(Problem to work on): A faithful copy is needed of the lines below from the one with "French Polynesia Tropical native flowers" up to and including the one with "193, страница 6.000000000"; set it down with no pictures and no other lines.

(Data section):
──────
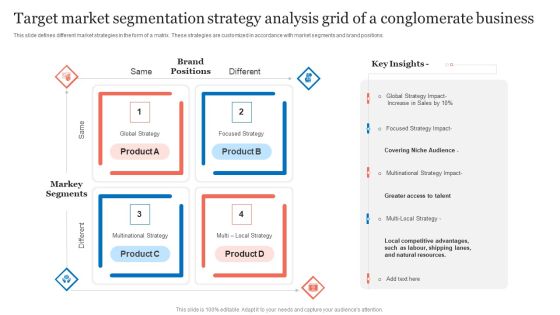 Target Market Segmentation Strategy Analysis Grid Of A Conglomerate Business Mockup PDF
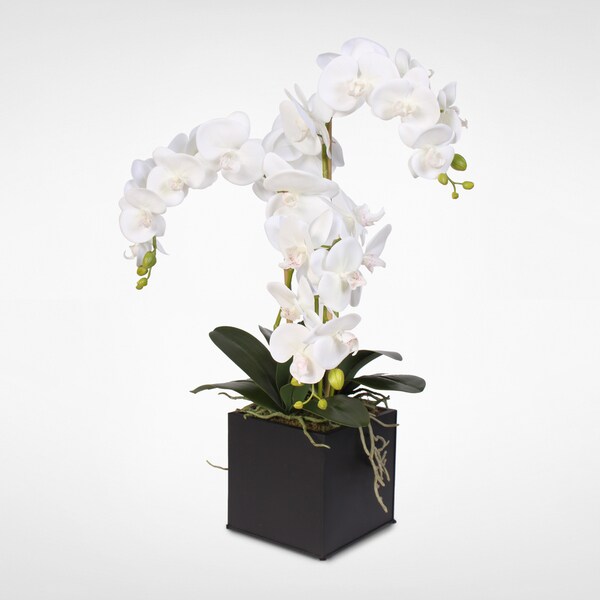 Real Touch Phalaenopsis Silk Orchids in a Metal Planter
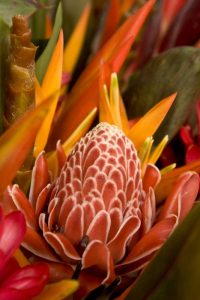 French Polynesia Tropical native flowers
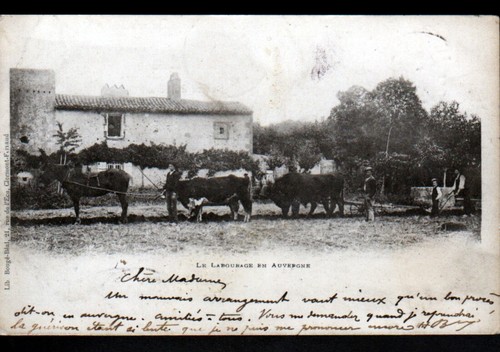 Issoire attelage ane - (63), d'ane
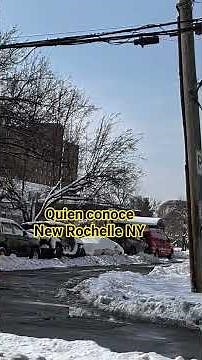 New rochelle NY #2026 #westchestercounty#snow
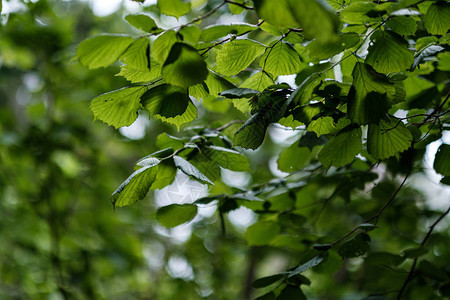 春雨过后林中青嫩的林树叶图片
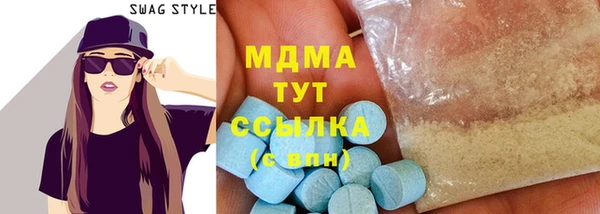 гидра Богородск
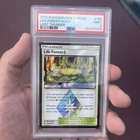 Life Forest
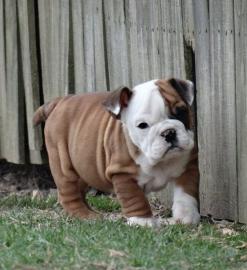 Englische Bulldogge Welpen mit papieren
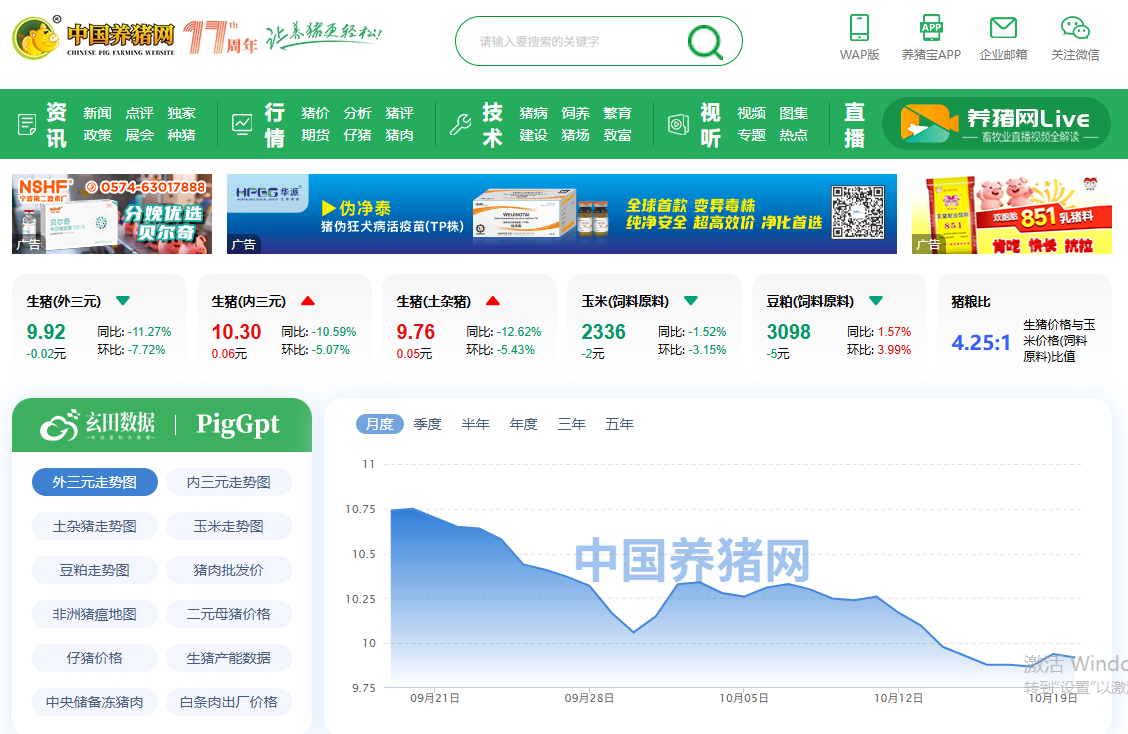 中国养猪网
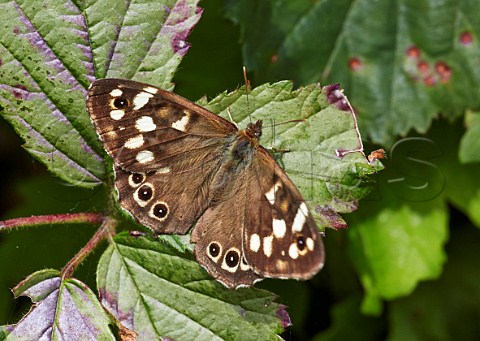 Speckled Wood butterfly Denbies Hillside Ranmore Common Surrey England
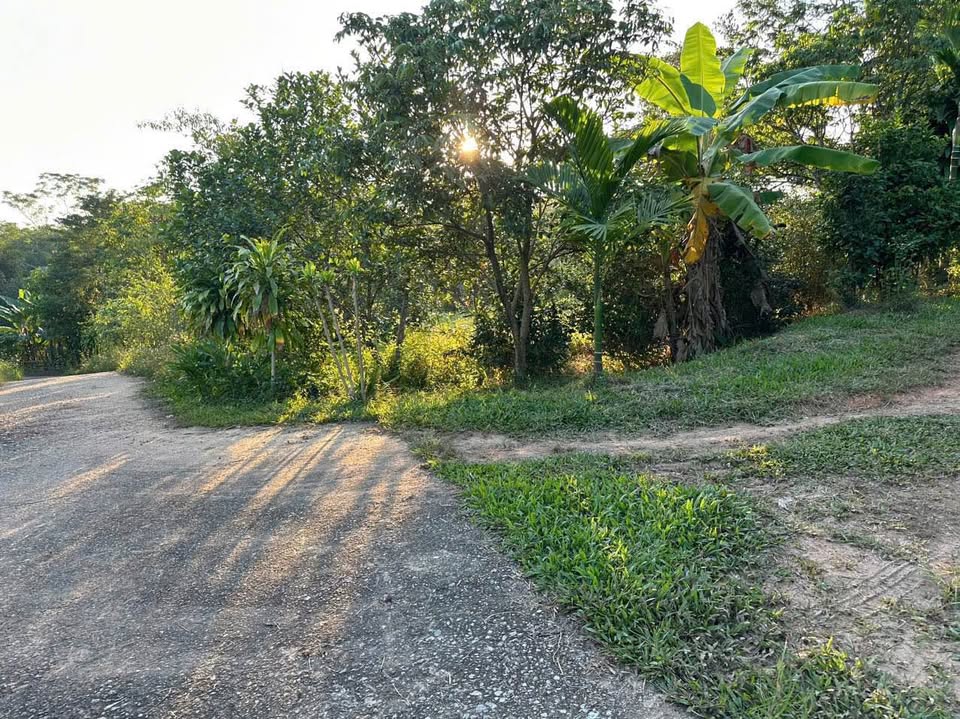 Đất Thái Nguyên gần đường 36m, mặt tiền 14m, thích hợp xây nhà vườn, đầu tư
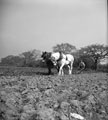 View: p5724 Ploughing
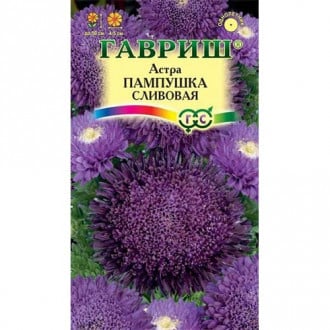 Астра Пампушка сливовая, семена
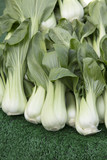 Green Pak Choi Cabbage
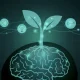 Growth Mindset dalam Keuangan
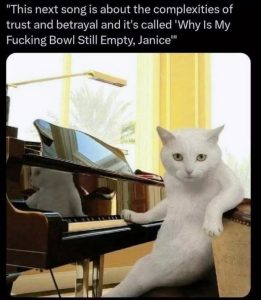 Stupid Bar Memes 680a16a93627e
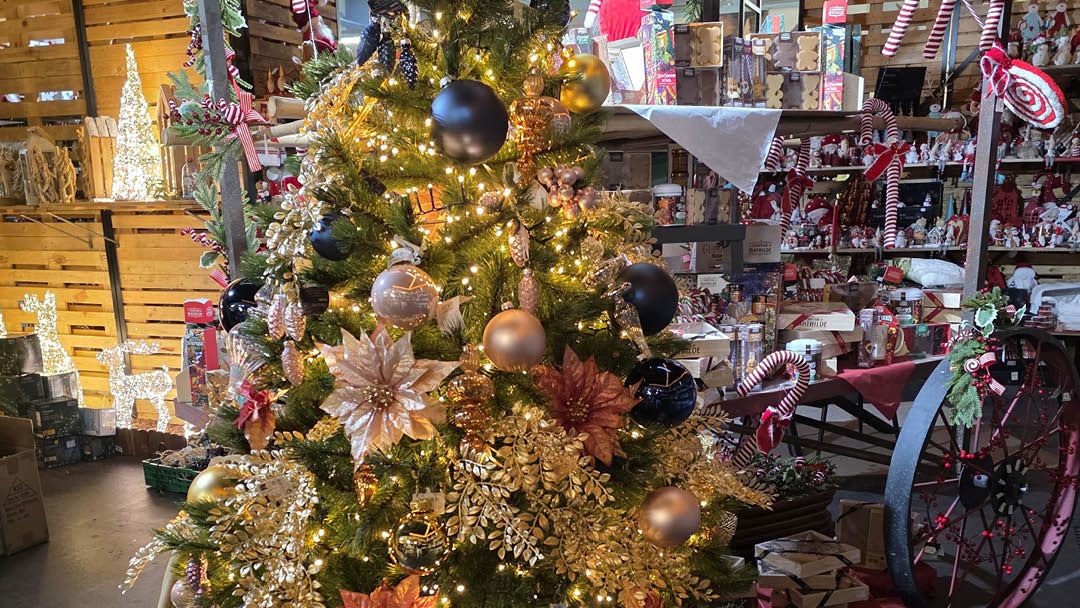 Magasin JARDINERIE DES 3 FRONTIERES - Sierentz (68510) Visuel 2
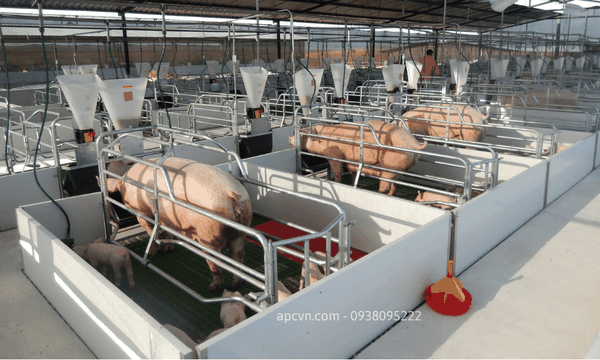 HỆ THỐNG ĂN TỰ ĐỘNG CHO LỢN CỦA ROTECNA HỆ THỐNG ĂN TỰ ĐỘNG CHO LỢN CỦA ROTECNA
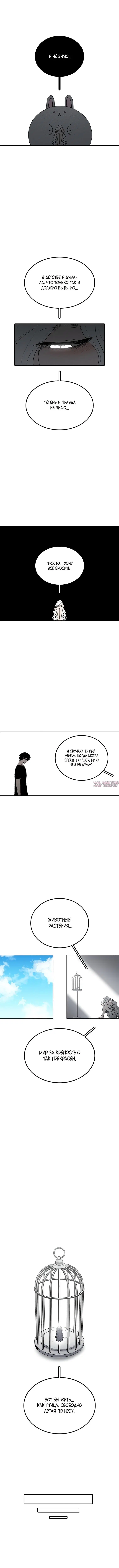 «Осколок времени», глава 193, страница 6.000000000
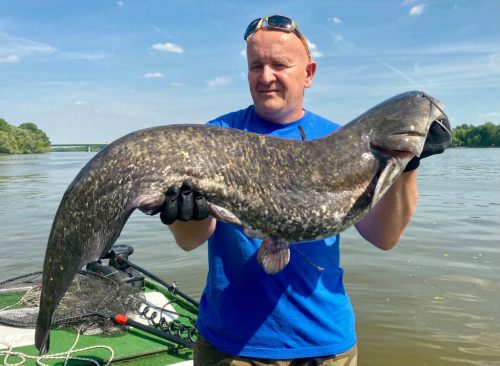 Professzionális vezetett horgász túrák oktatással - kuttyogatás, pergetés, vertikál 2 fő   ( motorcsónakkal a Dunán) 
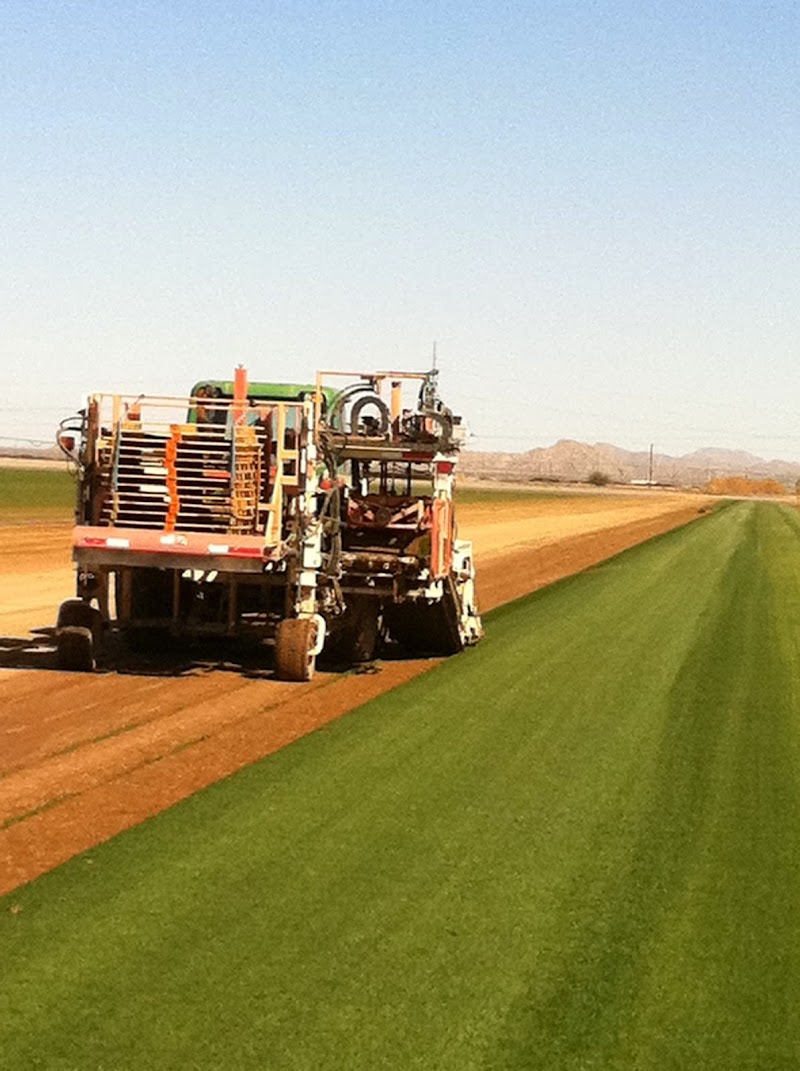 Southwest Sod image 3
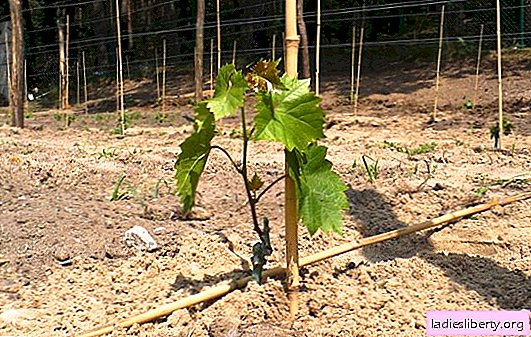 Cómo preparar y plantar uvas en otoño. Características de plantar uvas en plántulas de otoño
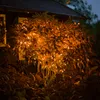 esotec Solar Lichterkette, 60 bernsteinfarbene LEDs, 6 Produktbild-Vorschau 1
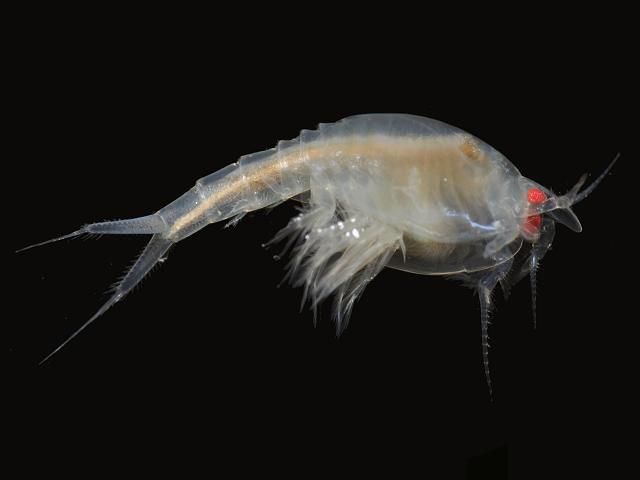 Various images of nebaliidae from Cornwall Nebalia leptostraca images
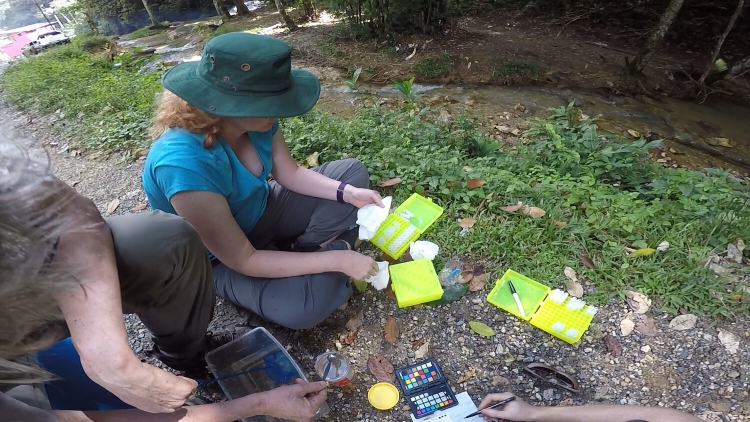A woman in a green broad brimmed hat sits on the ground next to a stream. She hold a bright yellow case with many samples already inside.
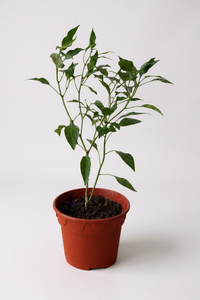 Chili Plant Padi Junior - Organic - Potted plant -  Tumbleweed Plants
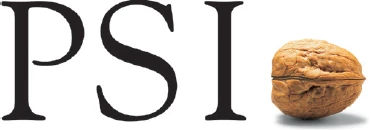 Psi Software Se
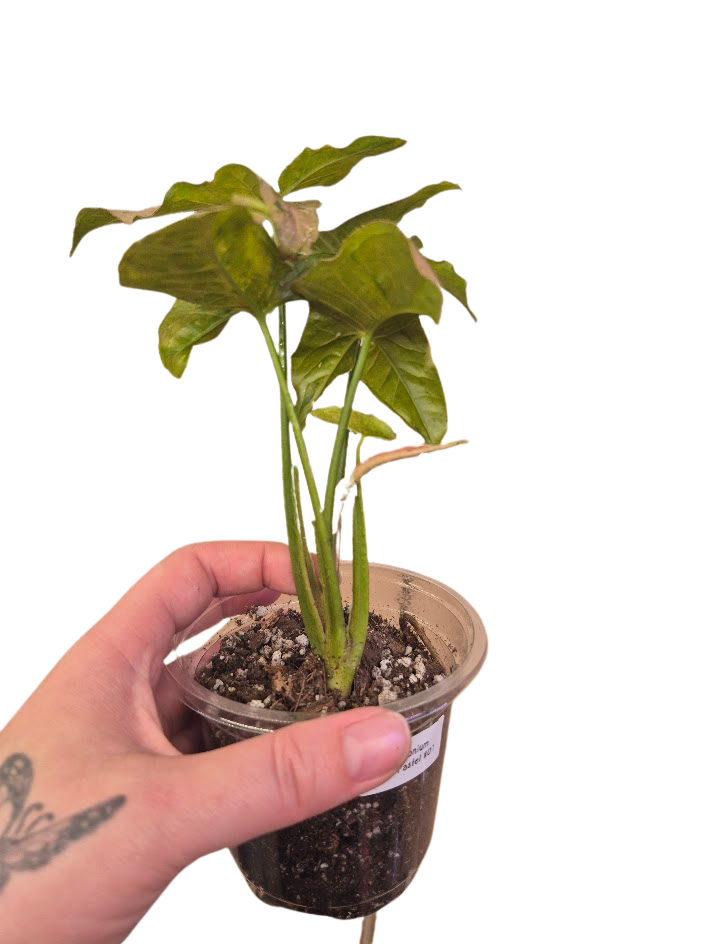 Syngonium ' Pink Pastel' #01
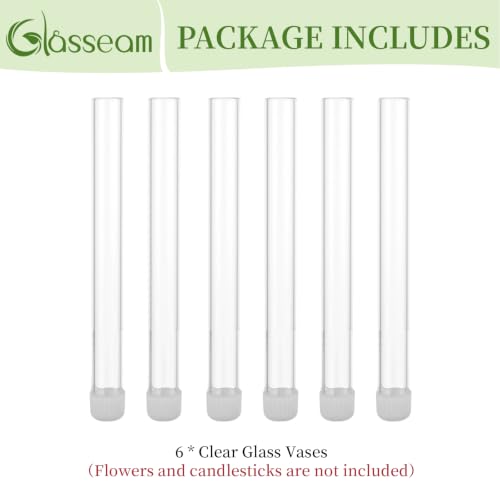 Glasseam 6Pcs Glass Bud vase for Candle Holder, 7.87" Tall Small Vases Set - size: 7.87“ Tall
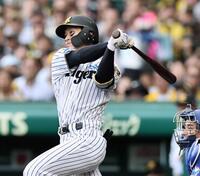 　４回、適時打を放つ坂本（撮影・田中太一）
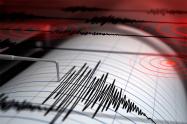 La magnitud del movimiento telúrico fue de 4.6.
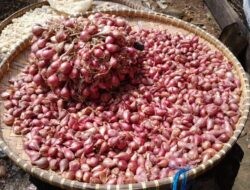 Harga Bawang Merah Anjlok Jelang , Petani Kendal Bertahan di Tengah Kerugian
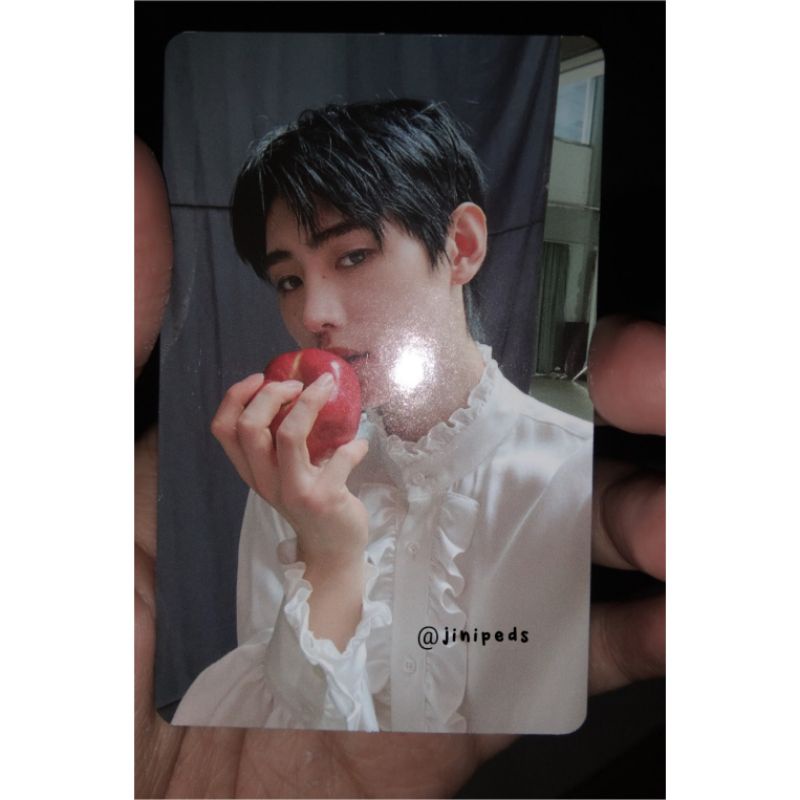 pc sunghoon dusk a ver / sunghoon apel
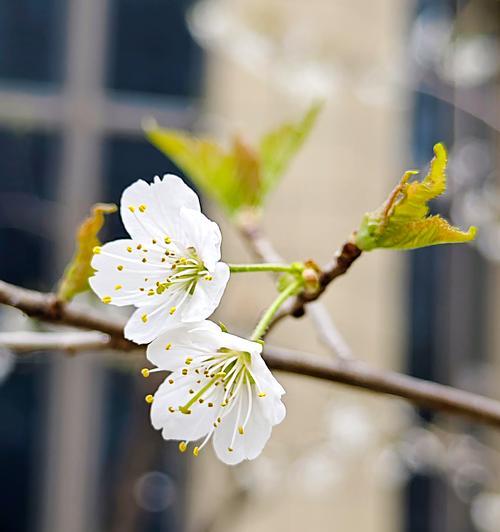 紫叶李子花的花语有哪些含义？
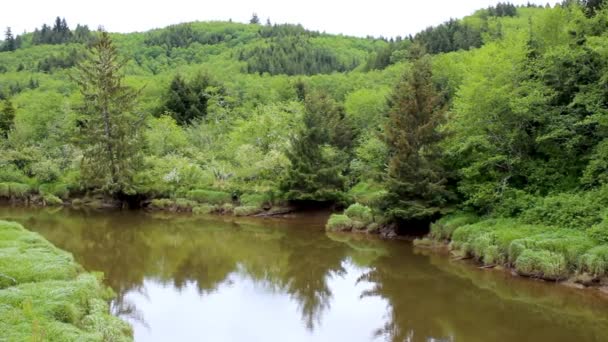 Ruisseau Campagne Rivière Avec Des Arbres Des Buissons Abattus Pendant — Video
──────
(Exercise response):
 French Polynesia Tropical native flowers
 Issoire attelage ane - (63), d'ane
 New rochelle NY #2026 #westchestercounty#snow
 春雨过后林中青嫩的林树叶图片
 гидра Богородск
 Life Forest
 Englische Bulldogge Welpen mit papieren
 中国养猪网
 Speckled Wood butterfly Denbies Hillside Ranmore Common Surrey England
 Đất Thái Nguyên gần đường 36m, mặt tiền 14m, thích hợp xây nhà vườn, đầu tư
 View: p5724 Ploughing
 Астра Пампушка сливовая, семена
 Green Pak Choi Cabbage
 Growth Mindset dalam Keuangan
 Stupid Bar Memes 680a16a93627e
 Magasin JARDINERIE DES 3 FRONTIERES - Sierentz (68510) Visuel 2
 HỆ THỐNG ĂN TỰ ĐỘNG CHO LỢN CỦA ROTECNA HỆ THỐNG ĂN TỰ ĐỘNG CHO LỢN CỦA ROTECNA
 «Осколок времени», глава 193, страница 6.000000000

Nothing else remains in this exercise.